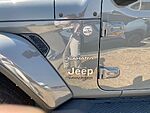 Used 2022 JEEP WRANGLER UNLIMITED SAHARA in FORT SMITH, ARKANSAS (Photo 9)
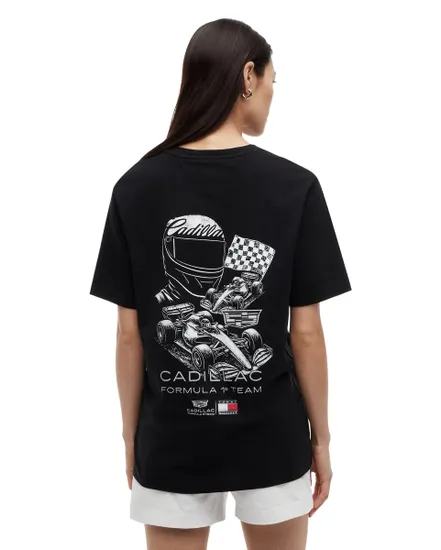 T-shirt Homme TH X CF1 Racing Grap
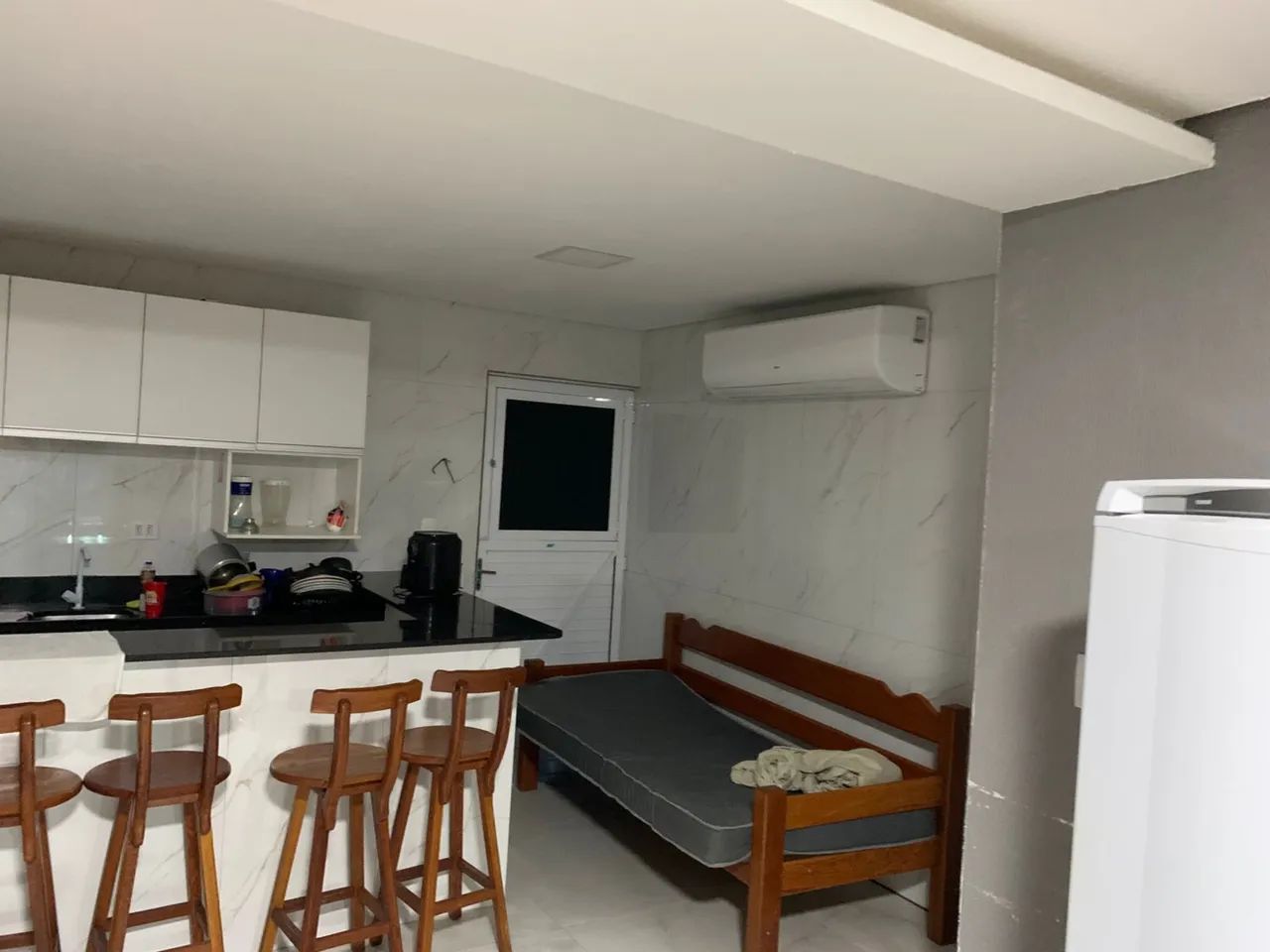 Casa moderna em Zé Pojuca / Porto de Galinhas - Foto 9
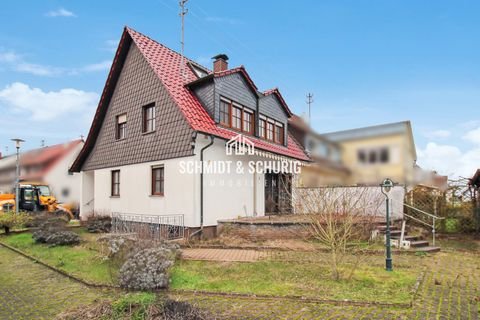 Karlsruhe / Neureut Häuser, Karlsruhe / Neureut Haus kaufen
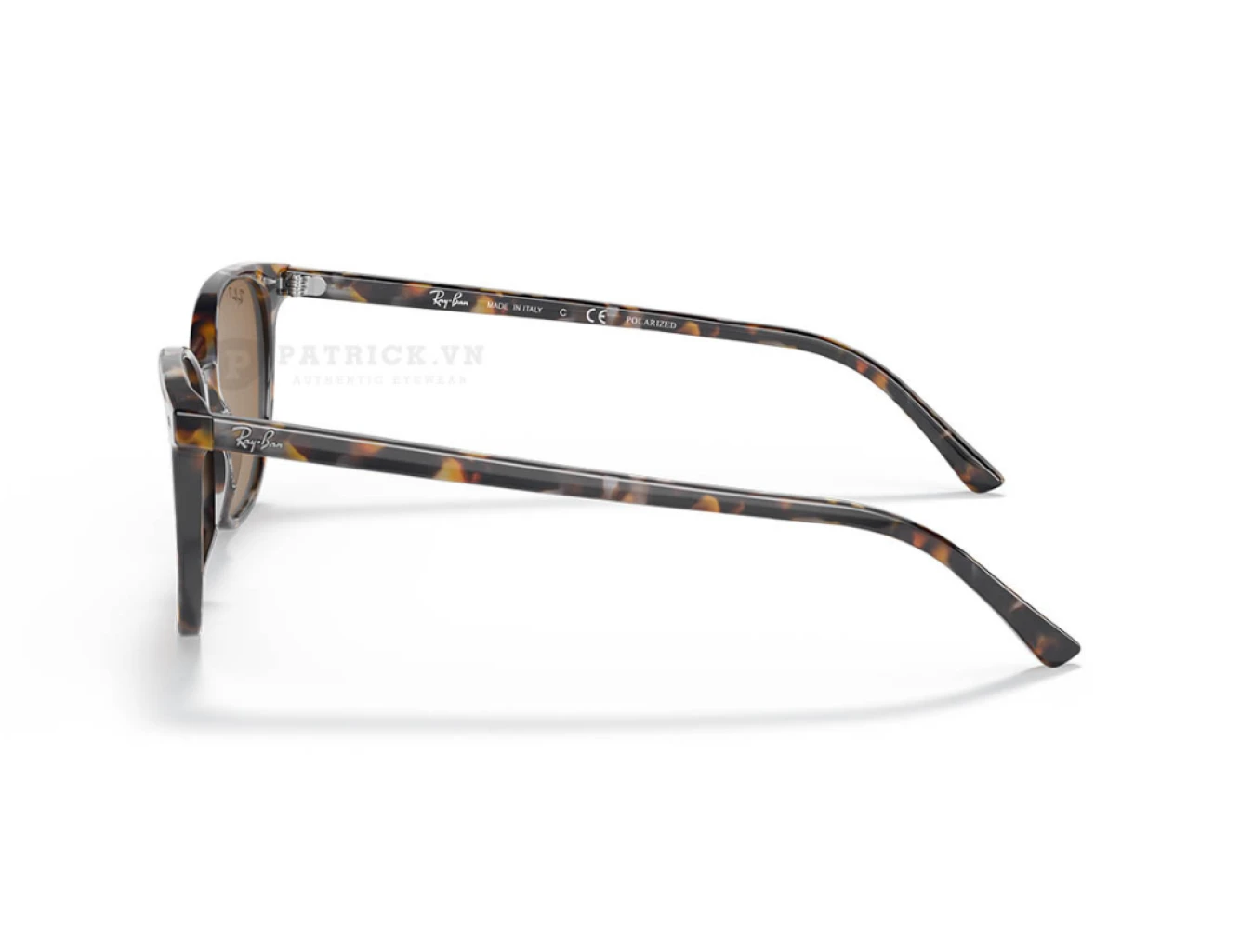 Ray-Ban Elliot RB2197F-1357/57(54)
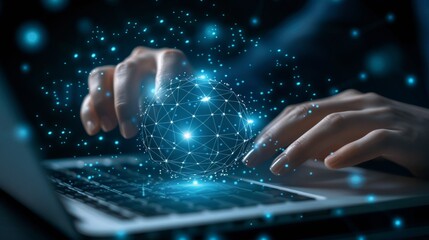 Innovative global supply chain management software interface for enhanced operational efficiency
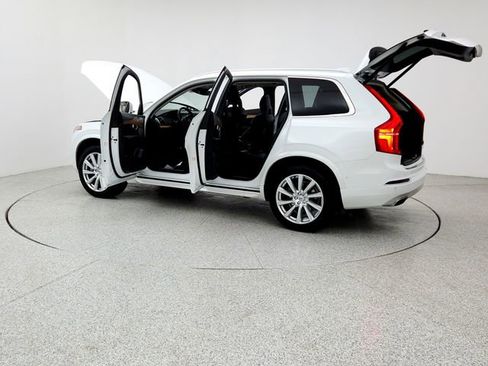 Used 2018 Volvo XC90 T6 Inscription w/ Convenience Package image 12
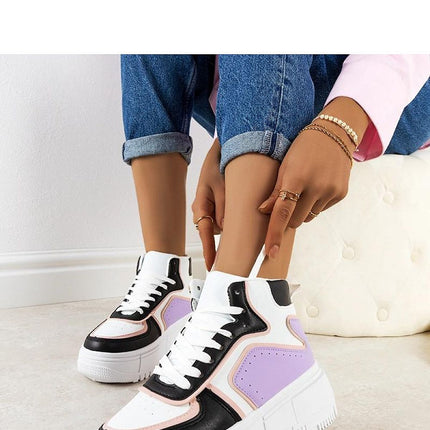 Sneakers Solea - GARDIWALL
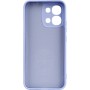 Чохол до мобільного телефона Armorstandart ICON OPPO A6 Pro 4G Camera cover Lavender (ARM89234)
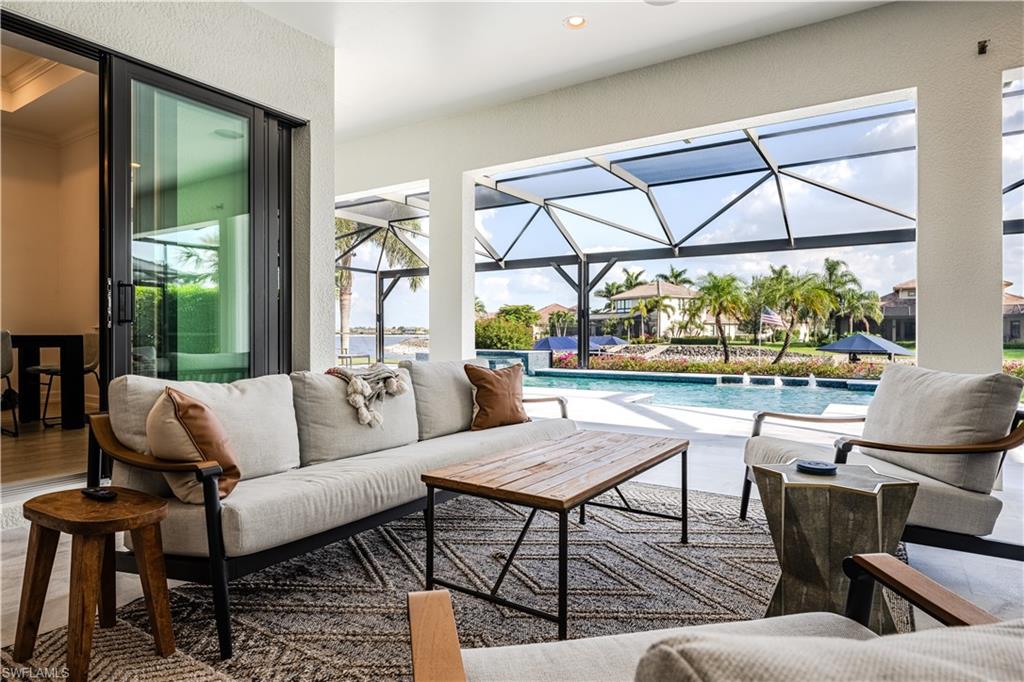 THE QUARRY - Residential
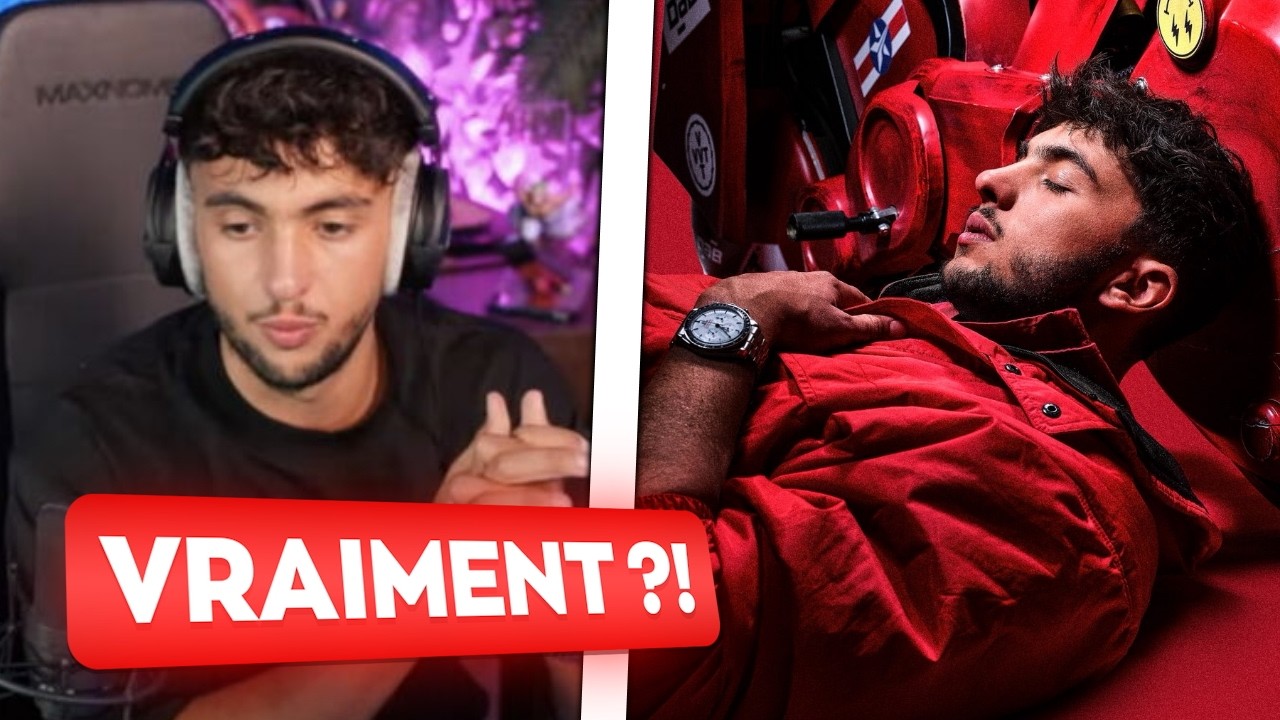 INOXTAG n’aurait JAMAIS dû poster cette photo… (Polémique)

_PROBLEM TO WORK ON_
Extract exactly the lines from the one containing "T-shirt Homme TH X CF1 Racing Grap" through the last line of the records above, both included, and leave out the pictures.

_SOLUTION BELOW_
 T-shirt Homme TH X CF1 Racing Grap
 Casa moderna em Zé Pojuca / Porto de Galinhas - Foto 9
 Karlsruhe / Neureut Häuser, Karlsruhe / Neureut Haus kaufen
 Ray-Ban Elliot RB2197F-1357/57(54)
 Innovative global supply chain management software interface for enhanced operational efficiency
 Used 2018 Volvo XC90 T6 Inscription w/ Convenience Package image 12
 Sneakers Solea - GARDIWALL
 Чохол до мобільного телефона Armorstandart ICON OPPO A6 Pro 4G Camera cover Lavender (ARM89234)
 THE QUARRY - Residential
 INOXTAG n’aurait JAMAIS dû poster cette photo… (Polémique)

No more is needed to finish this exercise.